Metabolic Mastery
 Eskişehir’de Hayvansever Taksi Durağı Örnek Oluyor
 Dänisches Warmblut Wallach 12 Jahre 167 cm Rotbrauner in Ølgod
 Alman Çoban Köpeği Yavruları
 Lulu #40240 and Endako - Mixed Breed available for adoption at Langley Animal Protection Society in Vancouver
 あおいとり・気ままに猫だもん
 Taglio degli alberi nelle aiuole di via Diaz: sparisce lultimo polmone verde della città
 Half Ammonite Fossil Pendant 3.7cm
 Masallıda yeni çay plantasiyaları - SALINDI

REQUIRED WORK —
A verbatim repeat of all the entries above is the required answer.

TASK OUTPUT —
Metabolic Mastery
 Eskişehir’de Hayvansever Taksi Durağı Örnek Oluyor
 Dänisches Warmblut Wallach 12 Jahre 167 cm Rotbrauner in Ølgod
 Alman Çoban Köpeği Yavruları
 Lulu #40240 and Endako - Mixed Breed available for adoption at Langley Animal Protection Society in Vancouver
 あおいとり・気ままに猫だもん
 Taglio degli alberi nelle aiuole di via Diaz: sparisce lultimo polmone verde della città
 Half Ammonite Fossil Pendant 3.7cm
 Masallıda yeni çay plantasiyaları - SALINDI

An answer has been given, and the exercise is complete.